In 1976, he and his wife were jailed under the Terrorism Act. They were released, but continuous harassment and occasional detainments continued.

== Death ==
Masote died of heart failure on 26 May 2017 in Johannesburg. He was buried at Westpark Cemetery.

== Family ==
On Valentine's Day in 1971, Masote married Sheila, daughter of Zephania Mothopeng, former president of the Pan Africanist Congress of Azania. They had three children.

His son Kutlwano Masote is a world-renowned cellist, composer and conductor. He became the first African to receive a scholarship at the Menuhin Academy in Bern, Switzerland.

== Notable works ==
Masote translated Handel's oratorio Messiah into nine South African languages under the name "The Black Messiah". He conducted its first performance in 1983 at the Holy Cross Anglican church in Soweto. In 1996 he created a new version, "The South African Messiah", to commemorate the adoption of the democratic Constitution of South Africa. New version included all eleven official South African languages, by retaining elements of the original English libretto.

== Awards ==
- The Order of Ikhamanga in Bronze for "Outstanding contribution to the development of youth orchestras and choral music in the classical genre in South Africa." (20 April 2006)

== Legacy ==
Masote established five youth orchestras: the Mmabatho Youth Orchestra, the Klerksdorp Youth Orchestra, the Soweto Youth Orchestra, the Thembisa Youth Orchestra and the Seventh Day Adventist Orchestra in Soweto.

The Soweto Youth Orchestra gave birth to the internationally acclaimed Soweto String Quartet, and other successful musicians including Koloane Mantu of the Soweto String Quartet, jazz trumpeter Prince Lengoasa, composer and conductor Mokale Koapeng, founder of Imilonji Ka Ntu choral ensemble George Mxadana.

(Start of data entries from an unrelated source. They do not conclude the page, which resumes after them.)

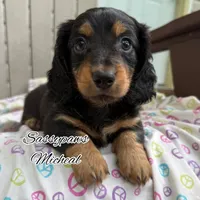 Michael, a male Miniature Dachshund for sale in Findlay, OH – 5 of 10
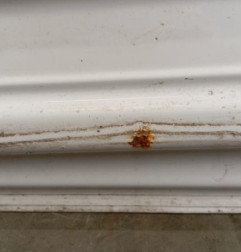 Porte avant gauche VOLKSWAGEN CRAFTER 1 Photo n°5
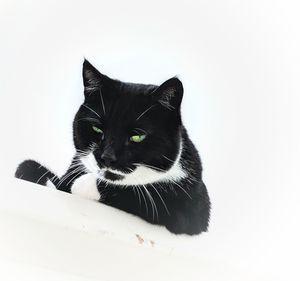 Close-up portrait of cat against white background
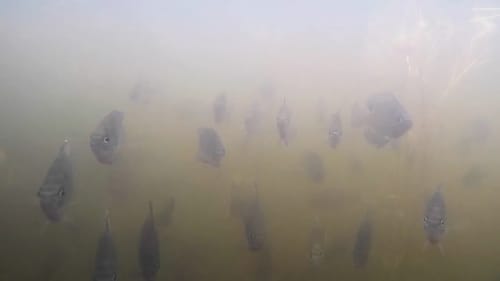 Boatloads of Bluegill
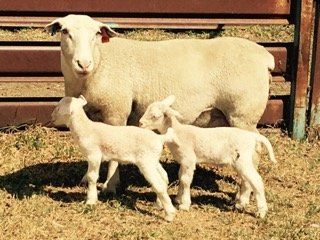 Mother lamb and child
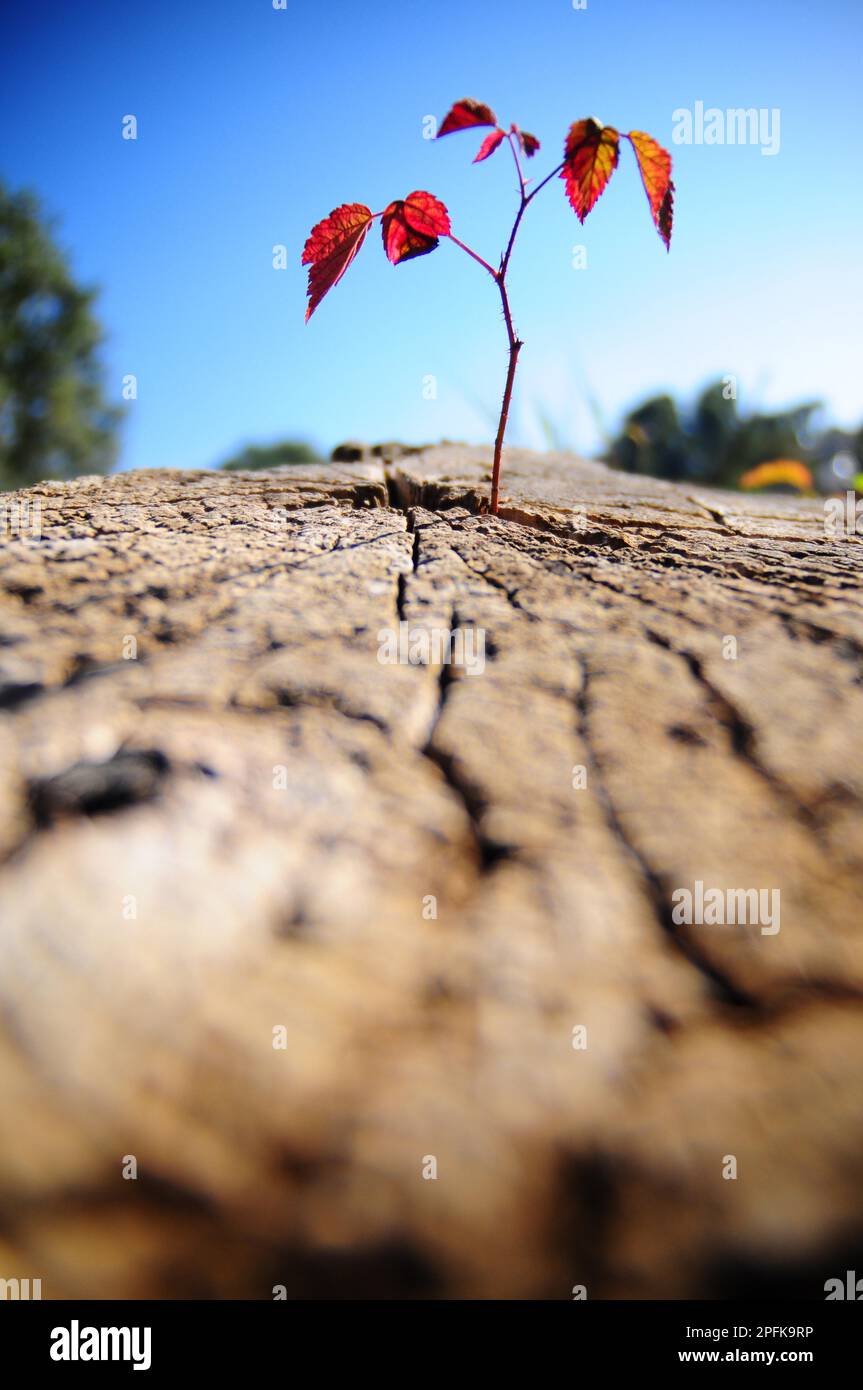 Shoot of a raspberry (Rubus idaeus Stock Photo - Alamy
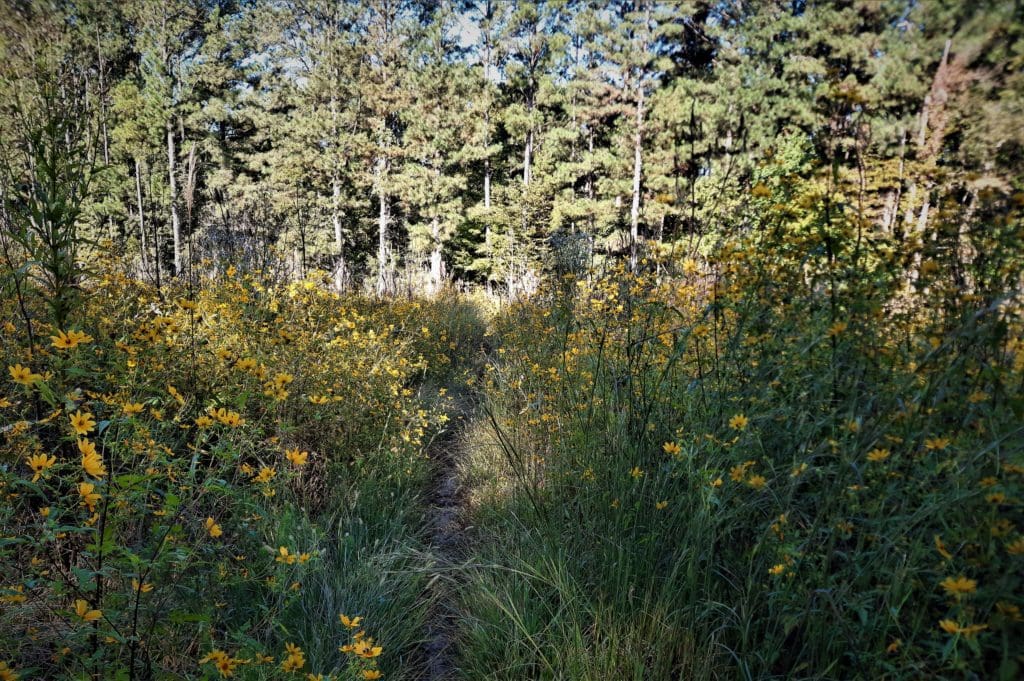 The trail goes through wildflowers in the powerline cut.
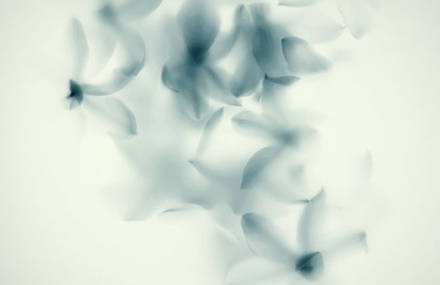 JANNELLI & VOLPI – WONDER WALLPAPER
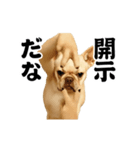 踊る！横揺れ界隈/フレンチブルドック（個別スタンプ：22）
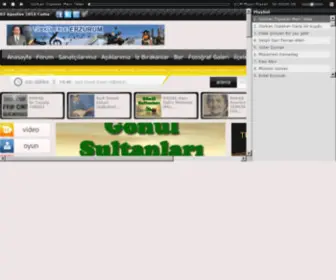 Turkulerleerzurum.com(Türkülerle Erzurum) Screenshot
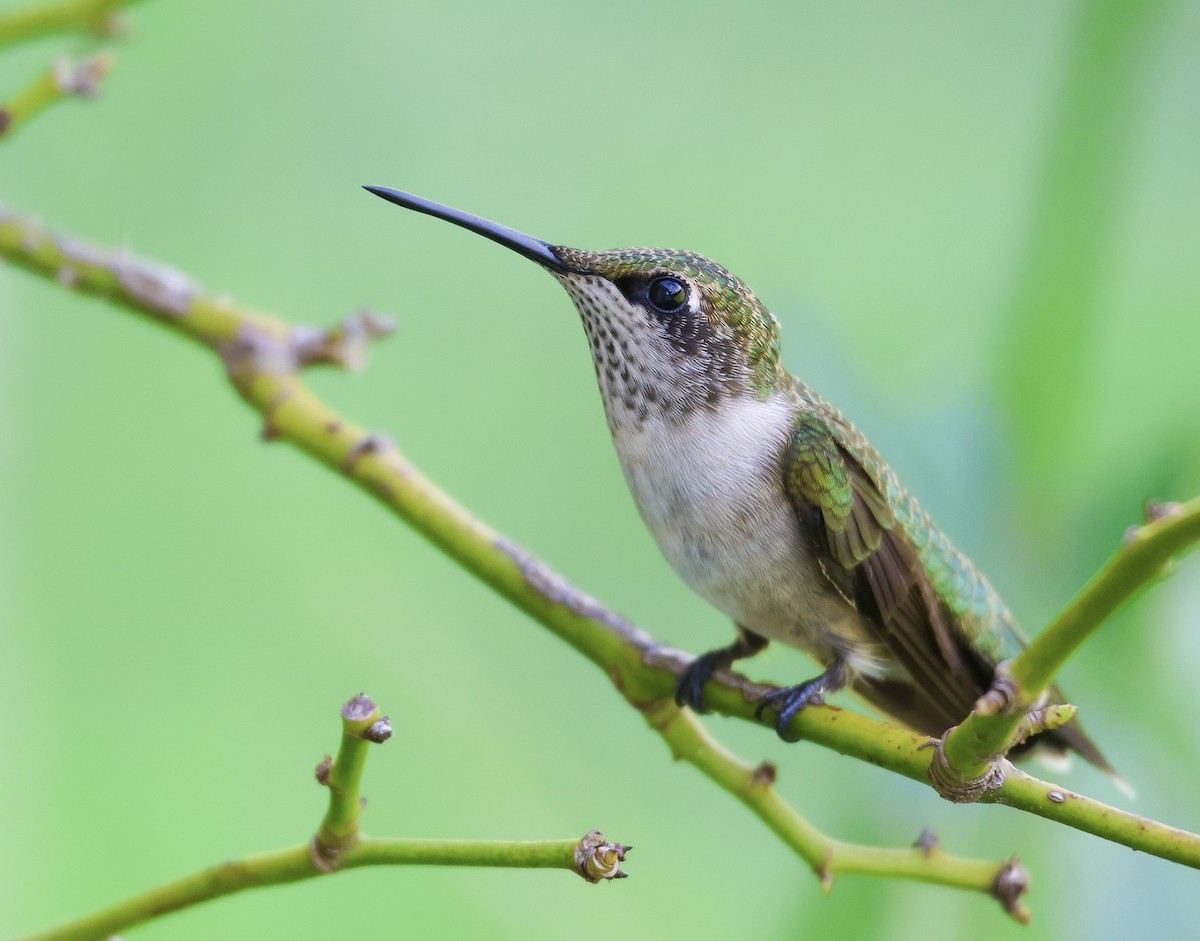 ノドアカハチドリ - ML647521785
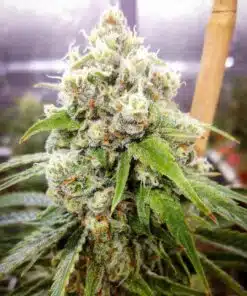 Jack Herer Auto-Flowering Cannabis Seeds | Jack Herer Strain | The Seed Fair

His other projects and initiatives resulted in the establishment of the Vaal Symphonic Wind Band and the Moretele Recorder Ensemble.

In 2015, a musical theatre "Masote's Dream" was staged at the National Arts Festival in Grahamstown in July 2015. It was written by Dutch playwright Dagmar Slagmolen, with musical direction by Masote's son Kutlwano, and co-produced by the Dutch company Orkater and South African company Performing Arts Centre of the Free State. It was nominated for the Naledi Theatre Award in 2016 in two categories: "best score" and "best cutting edge production".

SABC 2 screened a four-episode drama miniseries "Monna Wa Minno" ("Unsung Hero" in English version of the title) about the life of Michael Masote in 2012. The cast includes Vuyo Dabula as Masote and Lerato Mvelase as his wife Sheila.